Eight Strategies for Curbing Prices
- Provider price and quality information. Many private insurers are developing information systems that can produce real-time estimates of patients’ out-of-pocket costs. Armed with these data, patients could become more price-conscious when choosing providers. Without information on quality, however, consumers might equate higher price with higher quality.
- Limited provider networks. Insurance products that offer a limited network of providers—like many of the plans being sold through the Affordable Care Act’s marketplaces—can exclude high-price providers and offer lower premiums.
- Point-of-service incentives. Similar to tiered formularies for prescription drugs, in which each tier features different cost-sharing, hospitals could be assigned to tiers for different service lines, like cardiac procedures or orthopedics. Another strategy is reference pricing, where a reasonable price is set for a given service or procedure, factoring in criteria such as quality. A patient who chooses a provider charging above the reference price for the service is financially responsible for the amount above that price.

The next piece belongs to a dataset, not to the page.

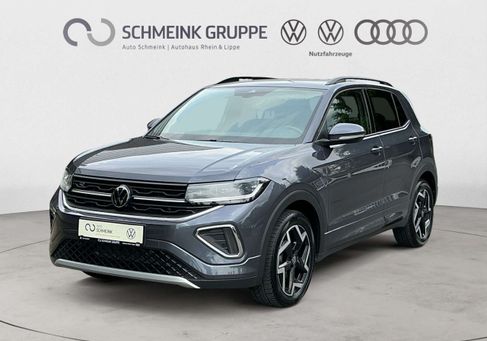 Volkswagen T-Cross, 2025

- Data to assess provider quality and efficiency. Having access to Medicare claims data, along with private-payer claims, would allow for more meaningful assessments of providers’ performance on quality and cost. The Centers for Medicare and Medicaid Services has announced it will soon provide this information to the public.
- Supporting the development of physician organizations. Physician organizations that assume risk and contract directly with payers provide potential competition for hospital-led ACOs. Insurers are supporting independent networks of primary care physicians by rewarding practices that participate in medical home initiatives with higher payment rates.
- Limiting increases in provider consolidation. The Federal Trade Commission can limit some consolidation through antitrust enforcement actions that prohibit certain mergers and price fixing.
- Limiting charges for using out-of-network providers. State governments have acted to limit physician and hospital charges in situations where consumers are not likely to be able to choose their providers. For example, West Virginia prohibits additional charges to HMO enrollees for emergency care.
- Direct regulation of payment rates. While this policy was in place in a number of Northeastern states in the 1970s, rate-setting is in force today only for hospitals in Maryland and West Virginia. With evidence showing it can slow aggregate spending, though, rate-setting could resurface in states more inclined toward regulation and where provider market concentration is highest.
THE BOTTOM LINE
Consolidation in the health care industry is a double-edged sword: it can improve quality and efficiency, but it also can give providers excessive market power and the ability to command high prices. Fortunately, payers and policymakers have a number of strategies to curb providers’ pricing power.